Widespread reactions to studio admission
While the issue of women on country radio, Thompson says, has gone back at least as far as the beginning of her career, it recently came to a head when Michigan radio station 98 WKCQ-FM tweeted they "cannot play two females back to back," in response to a Variety writer joking that a different station might be fined for doing just that.
The station's parent company, MacDonald Broadcasting, soon issued a statement saying they had never had such a policy, while listeners posted angry responses online.
Country music stars Kacey Musgraves and Kelsea Ballerini stepped in, with Musgraves tweeting that — despite stations' seeming inability to play women — "they can play 18 dudes who sound exactly the same back to back."
Ballerini argued that it is "incredibly disappointing" that stations are made to follow these rules.
I turned on the 105.1 country station in L.A. just now, and they were playing the new song by Gabby Barrett, and then, without any pause or interruption at all, they went into a Kelsea Ballerini song. Can’t they get fined for that?—@ChrisWillman
The next day, comedian Samantha Bee dedicated a segment of her show Full Frontal to the issue. Soon after, CMT announced they would include equal airplay on CMT and CMT Music channels, and Thompson said she made her change because of the the online responses she witnessed.
Jada Watson, a professor at the University of Ottawa who has studied gender representation in country music, describes the focus on the issue as a turning point.
Watson's 2019 study Gender Representation on Country Format Radio found that in 2000 male to female artists were played at a ratio of 2.1 to one, increasing in 2018 to 9.7 to one. That study was widely cited as evidence of an endemic problem, even if it wasn't exactly surprising to most in the industry.
Like MacDonald, most broadcasters state that their stations have no official policy limiting female artists. But the evidence, Watson says — like the tweet from 98 WKCQ-FM — often points in the other direction.
"I think what surprised me about it was that this individual from radio was so comfortable tweeting that it was a rule that her station had to abide by," Watson said. "Here's somebody from inside radio speaking so very openly about rules that we all believe to be myths."

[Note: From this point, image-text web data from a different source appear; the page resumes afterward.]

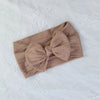 A beige knitted baby headband with a bow shown on a white textured fabric.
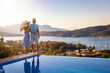 Loving couple on vacation time enjoys the summer sunset over the Aegean Sea by the swimming pool, Greece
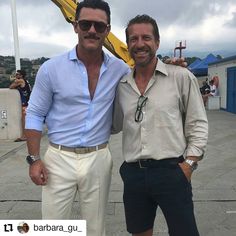 two men standing next to each other in front of a banana statue with the caption barbara gu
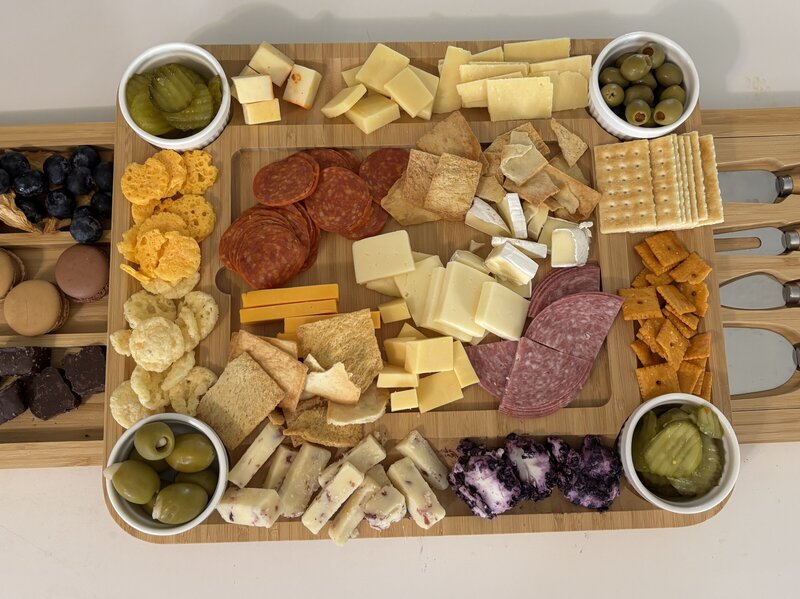 Charcuterie board with a variety of cheeses, cured meats, crackers, olives, pickles, and snacks arranged on a wooden tray, with sweet treats and fruit on the side.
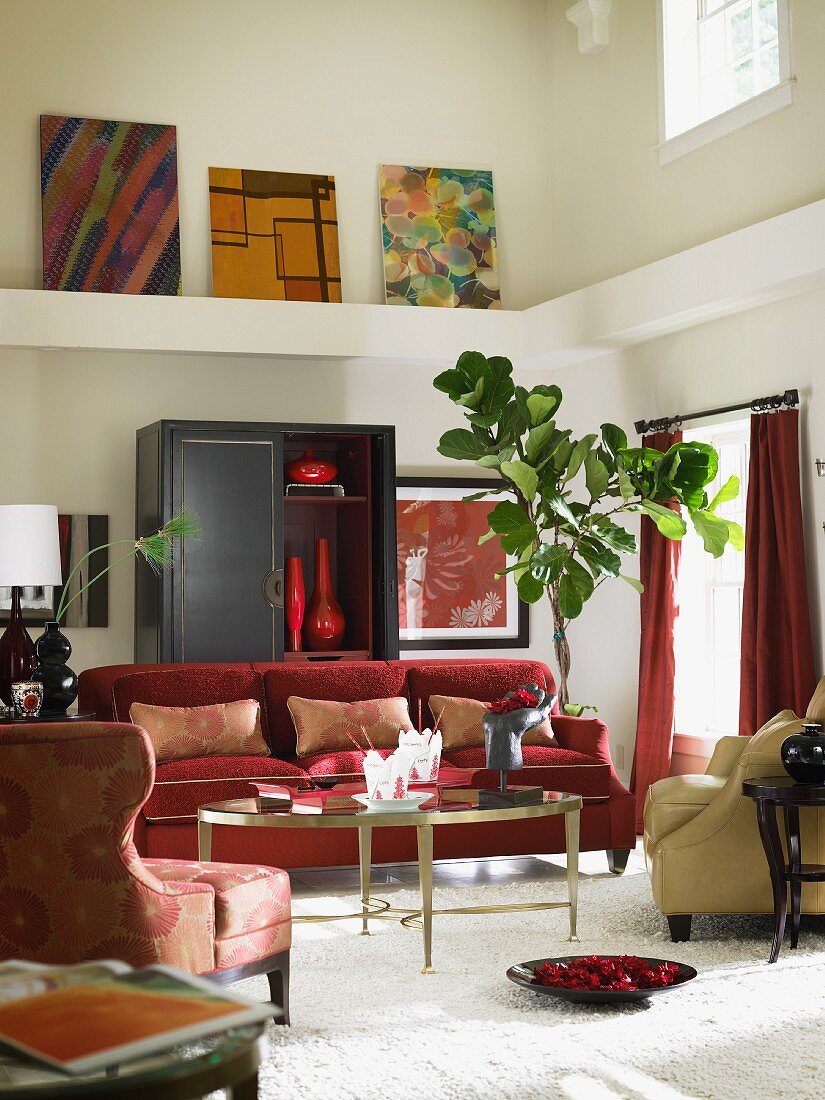 Wohnzimmer mit rotem Sofa vor einem schwarzem Schrank und moderne Malerei auf Sims im darüberliegenden Luftraum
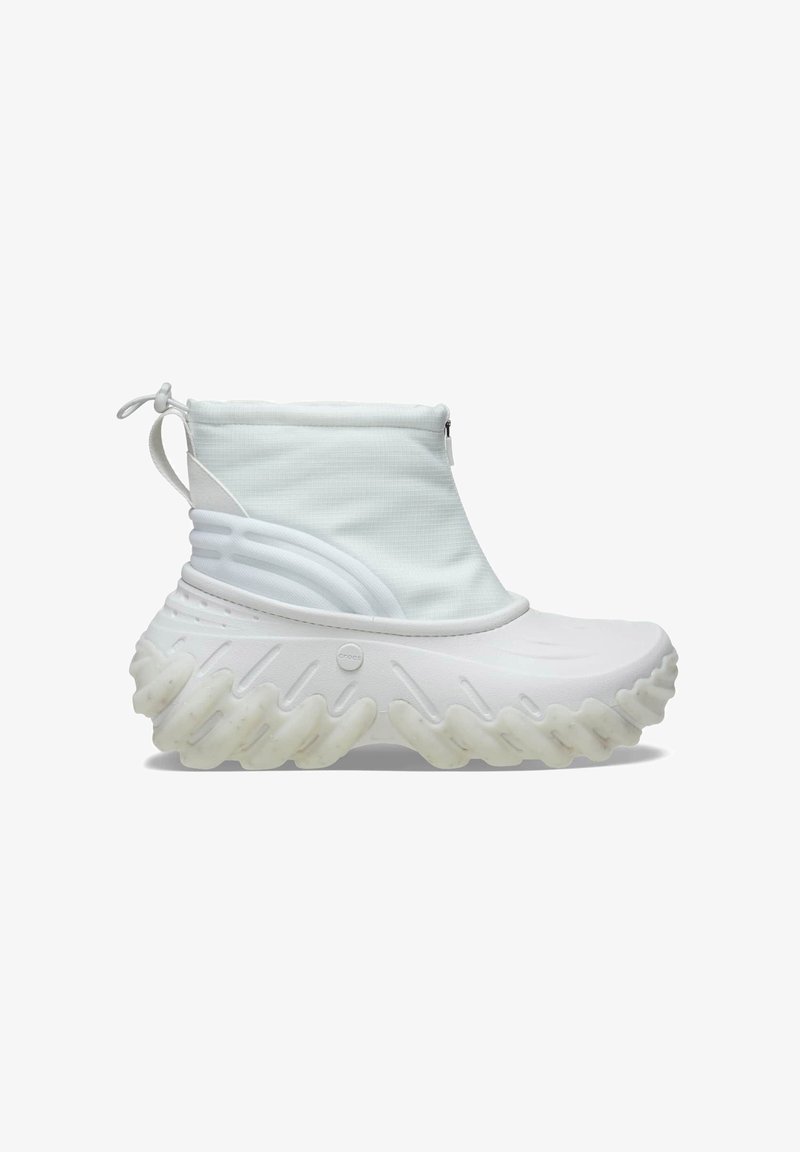 Zapatilla blanca con un alto collar de tobillo acolchado, material superior liso y una suela gruesa y texturizada con un patrón de olas. Incluye detalle de cremallera.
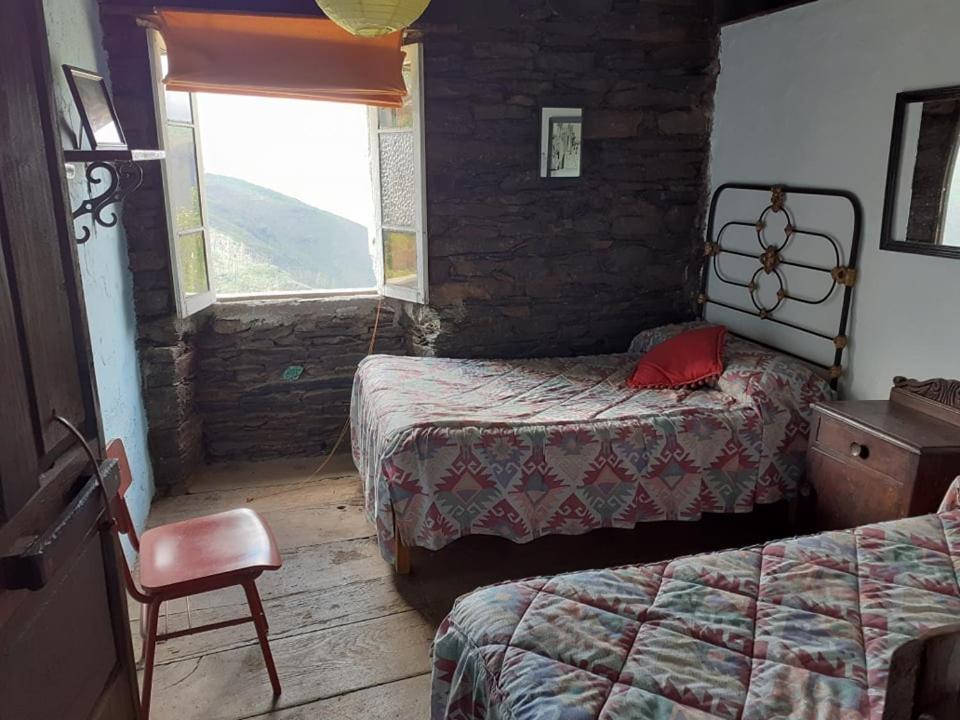 卢戈Albergue ESCANLAR的一间卧室设有两张床、一把椅子和一个窗户。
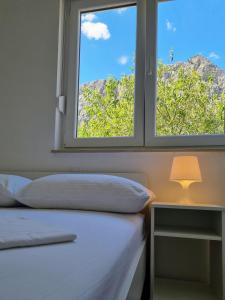 een slaapkamer met een raam en een bed en een lamp bij Omiš City Apartment in Omiš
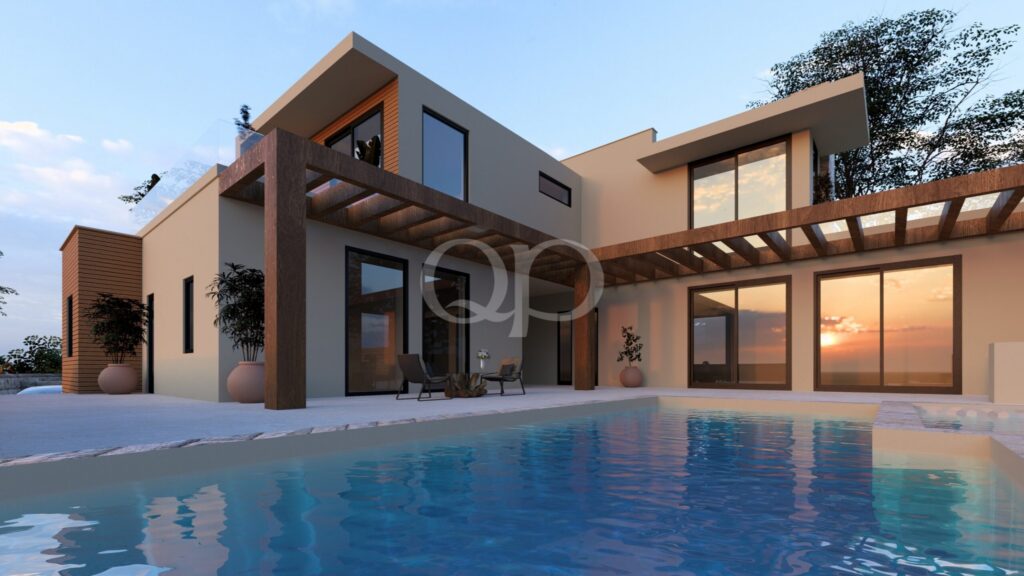 Maison moderne à deux étages, avec une pergola en bois surplombant la terrasse de la piscine au coucher du soleil ; les baies vitrées reflètent la lumière chaude.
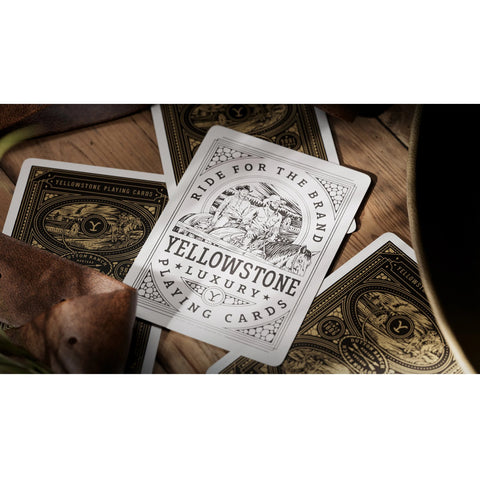 Kortos Yellowstone Luxury baltos su juodais ir auksiniais raštais, arti kampo parodytas priekis su iliustracija ir logotipu, skiriasi nuo dėžutės kadrų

'We have to do whatever is needed'
Watson said "anecdotal discussions" in the industry around the lack of woman have been significant for years. Canadian country musician George Canyon has observed and discussed the issue for the 29 years he's been a musician and audio engineer.
"I've never really come to the decision, personally, why it's happened," Canyon said. "I think it should be completely about your talent, not about whether you're a man or a woman, it should be your talent, your music, your song, your craft."
Canyon said he agrees with Thompson's strategy.
"We have to do whatever is needed to make the situation correct."
Watch: George Canyon advocates eliminating bias against women:
Watson says she is "very optimistic" initiatives like Thompson's could be the first step to overhaul country radio, while Thompson is a bit more conservative. She has experienced some pushback — including one U.S. distributor who warned her she was "going down a rabbit hole" that would eventually tank her ratings — but hopes to show other stations what's possible.
"The biggest mission is, don't be afraid of women on country radio," Thompson said.
"If we can accomplish that, if people at the end of this week can say people want to hear this, we have some kind of tangible support that we can show other industry members that people want to hear women. I think that's a great place to start."